(This is a current page, from the Patterns of Power Edition 3 book contents. An archived copy of this page is held at https://www.patternsofpower.org/edition03/6751.htm)
Resource shortages can mostly be solved by trade and technology (3.2.6), but the economic power associated with the possession of resources can be manipulated for political advantage. Russia, for example, was able to put pressure on the government of Belarus by raising energy prices – as reported in an Economist article from 8 February 2007, headed Desperate in Belarus.
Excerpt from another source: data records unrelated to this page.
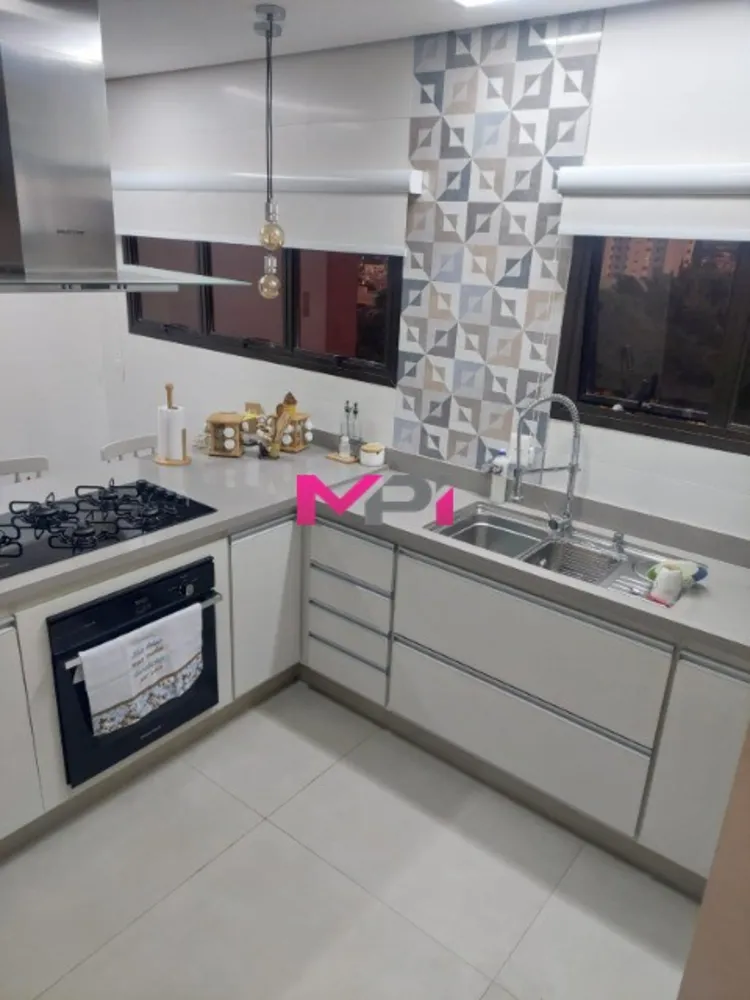 Apartamento, 3 quartos, 147 m² - Foto 3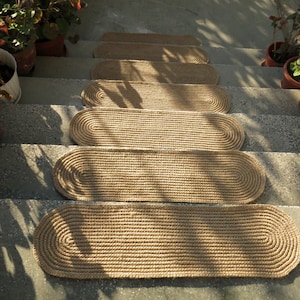 Handgefertigte gehäkelte Jute-Treppenstufen | Benutzerdefinierte Größe Oval Teppiche | Umweltfreundliche Step Pads | Natürliche Matten für drinnen und draußen / 100% natürliche Materialien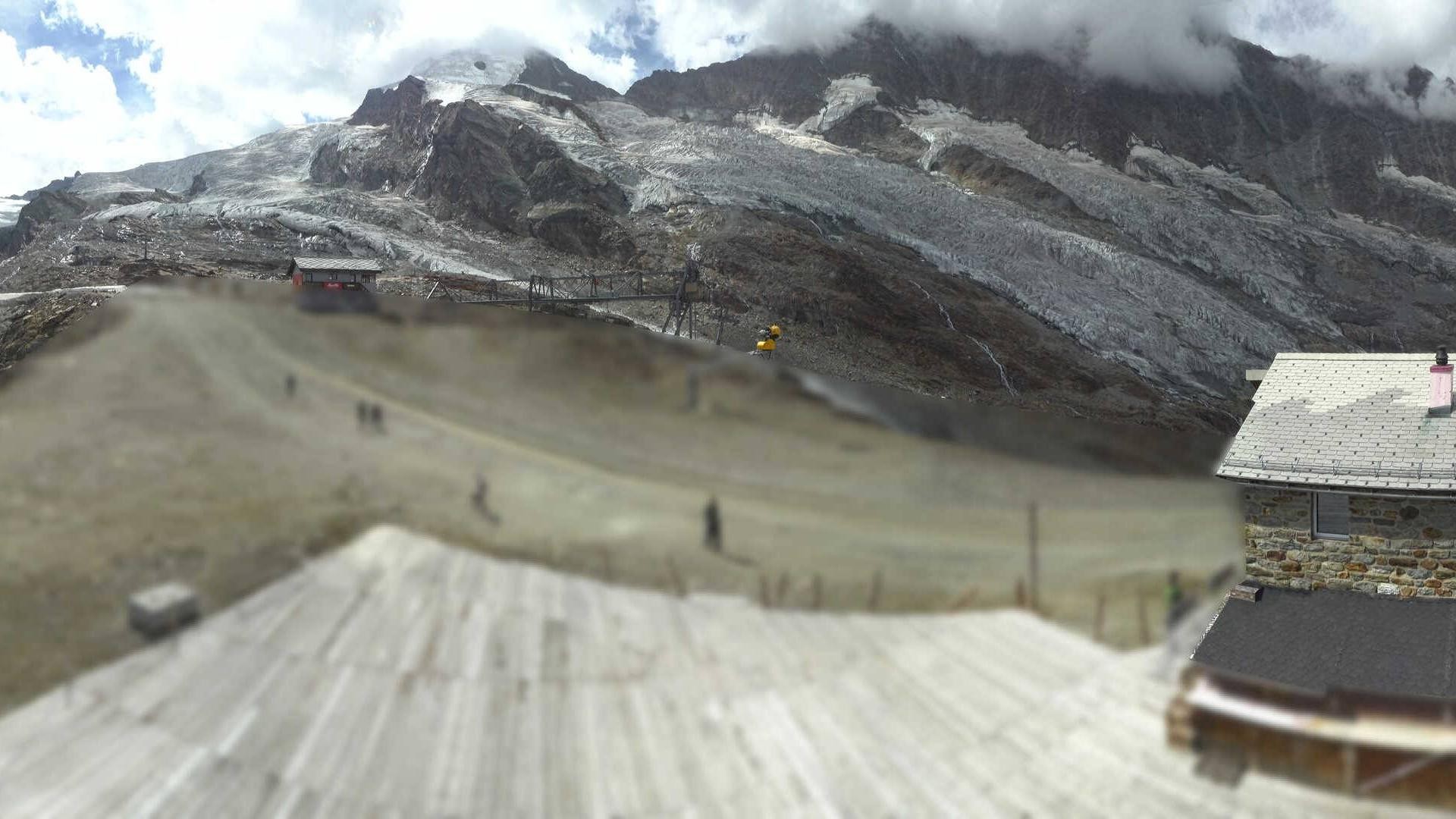 Archived image Webcam Saas Fee - Längfluh south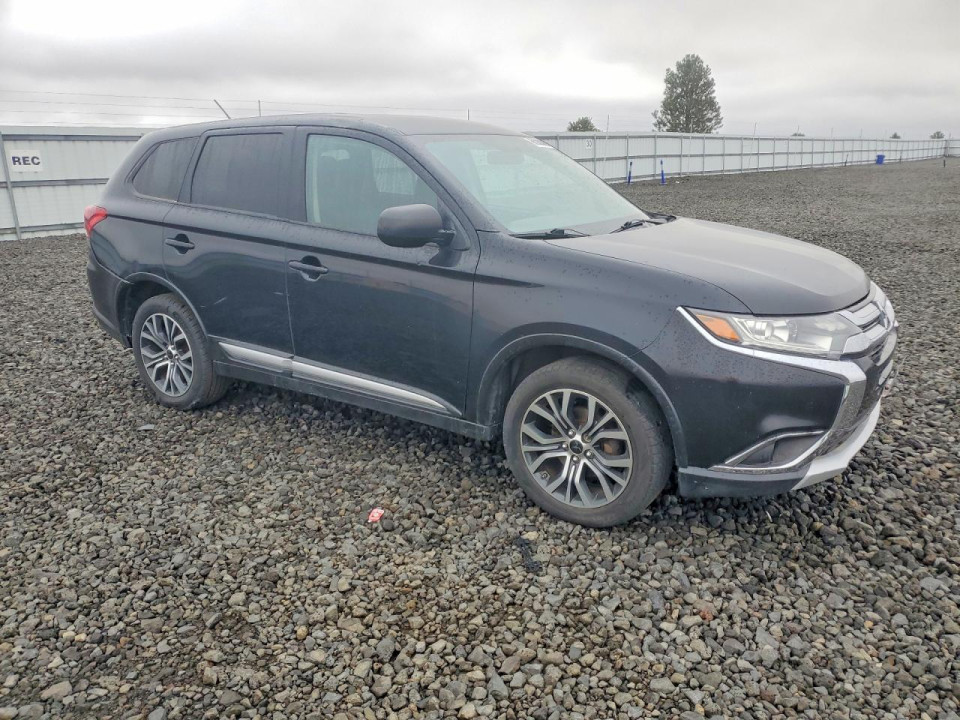 Mitsubishi OUTLANDER 2016 — Copart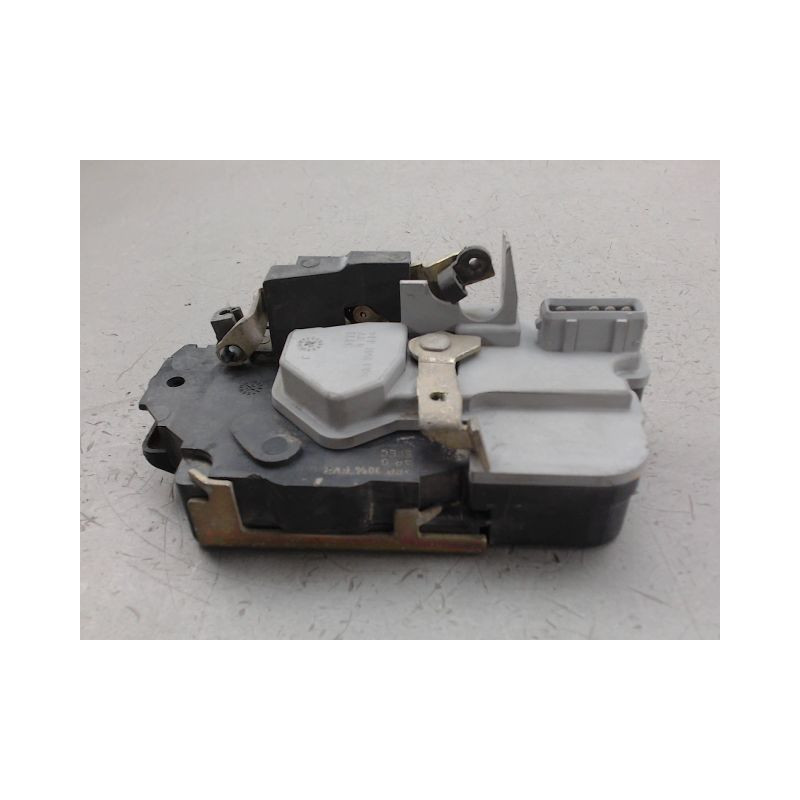 SYSTEME CONDAMNATION ARRIERE GAUCHE PEUGEOT 206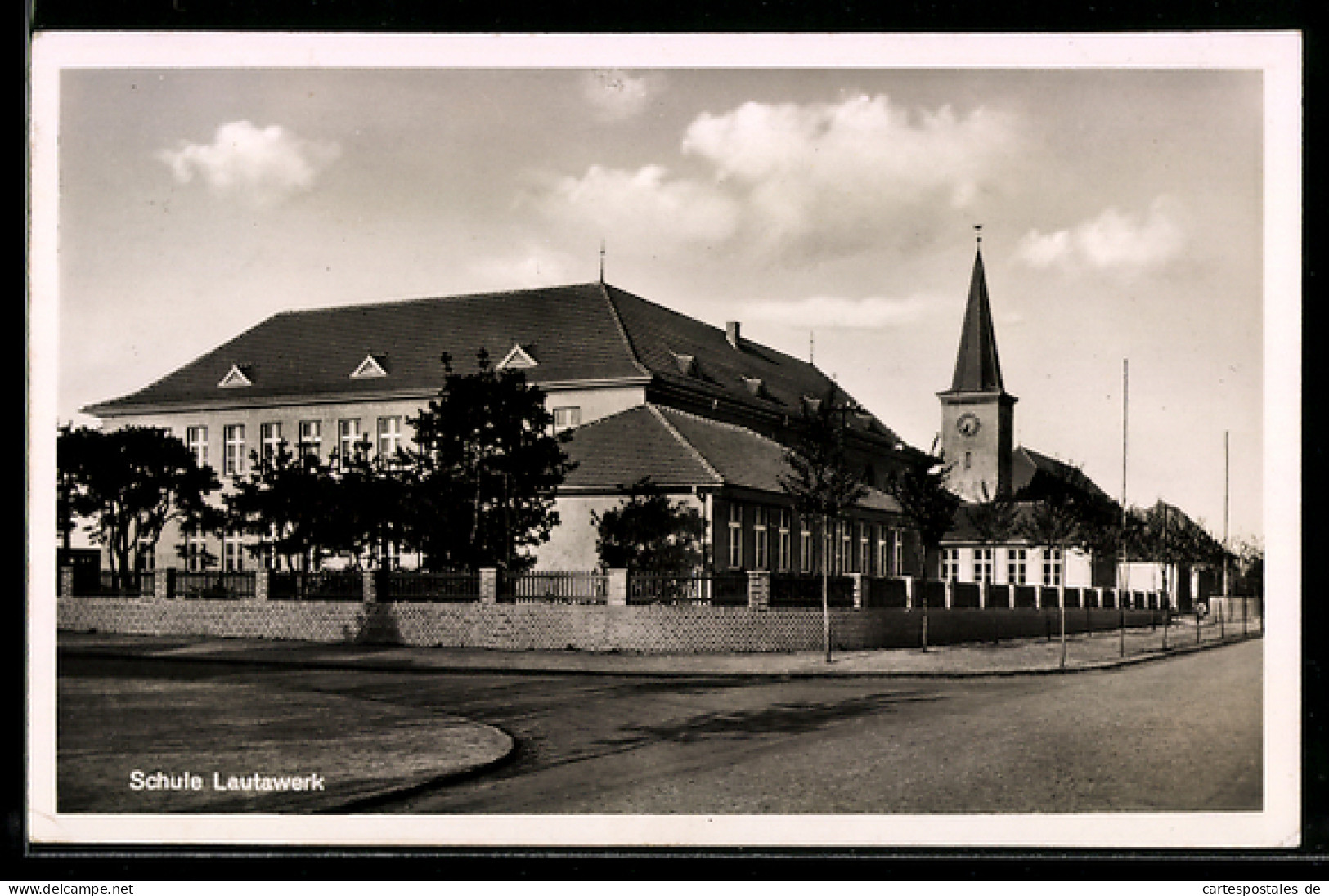AK Lautawerk, Blick auf die Schule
Although water shortages can be overcome by desalination of seawater, this is expensive and not every country has access to the sea. Where rivers flow through more than one country, there is the possibility of conflict over how much water is extracted by each. For example, The Economist published an article On 19 November 2011, entitled South Asia’s water, which reported that “A growing rivalry between India, Pakistan and China over the region’s great rivers may be threatening South Asia’s peace”. As noted in IPPR’s Water Security Brief in May 2010, resolving such conflicts might be a matter for international courts (126.96.36.199), or for the UN to act as an arbitrator (188.8.131.52).
Food shortages have occurred, at least partly because of the misuse of water according to an Economist article on 18 September 2008, entitled Water for farming.
The inappropriate delivery of humanitarian aid has been another problem, because it undermines local agricultural economies, and the entire Western policy towards developing countries needs to be re-evaluated (3.5.8).
It is important to resolve these problems of resource shortages, because otherwise they could lead to large-scale migrations of population – or some countries might take the law into their own hands and use military force (7.3.1).